Ingredients
Equipment
Method
- Preheat grill to medium-high heat, about 400°F. Oil the grates lightly with a paper towel dipped in vegetable oil held with tongs.
- Pat steak dry. Rub with olive oil and season with cumin, garlic powder, salt, and pepper. Let rest at room temperature while grill preheats.
- Place husked corn directly on grill grates. Cook for 8 to 10 minutes, turning every 2 to 3 minutes, until kernels are tender and charred in spots on multiple sides.
- Place steak on the hottest part of the grill. Cook 3 to 4 minutes per side for medium-rare (130°F internal temperature). Remove to a cutting board and rest uncovered for 10 minutes.
- Cut corn kernels off the cob into a bowl. Add mayonnaise, sour cream, lime juice, lime zest, chili powder, cilantro, and half the cotija. Stir to combine. Taste and adjust seasoning.

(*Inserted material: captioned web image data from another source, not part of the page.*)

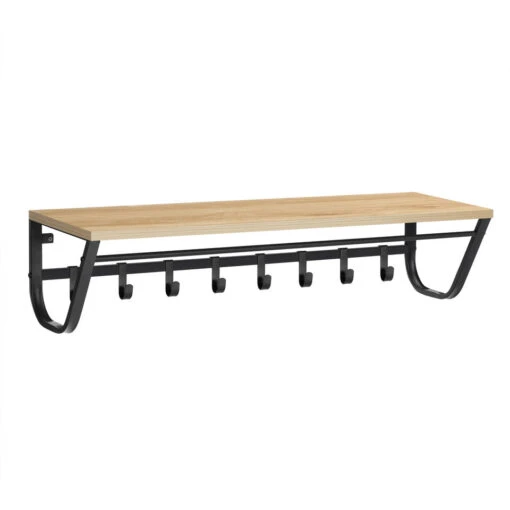 ACAZA Lange Hangende Kapstok - 8 Haken En 1 Bar - 90 Cm Lang - Lichte Eik Kleur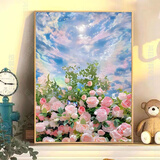 QUEENJOYdiy数字油画玫瑰手工填色油彩画治愈手工简约花卉客厅装饰画挂画 山茶花01 【绷好内框+画笔颜料】 40cm*50cm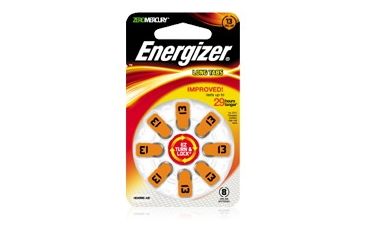 Image of Energizer EZ Turn &amp; Lock Size 13 Hearing Aid Batteries, Pack of 8 AZ13DP-8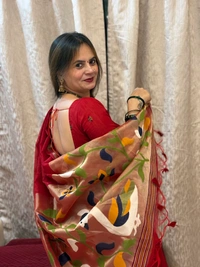 Pure Linen Silk Saree featuring Traditional Jamdani Weaving and Rich Tissue Zari Pallu - FREE, Red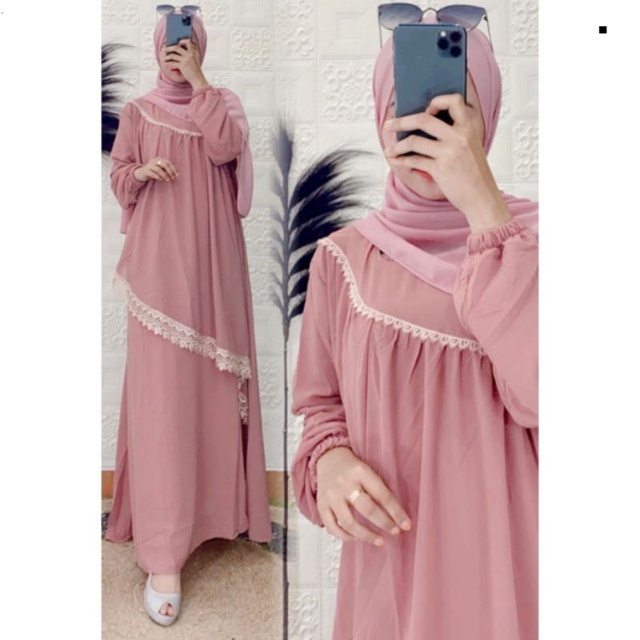 Gamis Malaysia Kerut Dada Terbaru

- Place tortillas on grill grates for 30 seconds per side until warm and lightly charred. Keep stacked in a towel to stay warm.
- Slice steak against the grain into thin bite-sized strips.
- Layer steak strips into each tortilla. Top with a generous spoonful of elote mixture and a pinch of remaining cotija. Serve with lime wedges.
Notes
Storage: Store steak and elote mixture separately in airtight containers for up to 3 days. Reheat steak slices in a hot skillet for 60 to 90 seconds per side rather than microwaving. Elote mixture can be made up to 24 hours ahead; stir and add fresh lime before serving. Off-season corn: char frozen or canned corn in a hot cast iron skillet with oil. For leaner elote, replace mayo and sour cream with plain nonfat Greek yogurt. Slicing against the grain is essential for tender steak; look for visible parallel lines in the meat and cut perpendicular to them.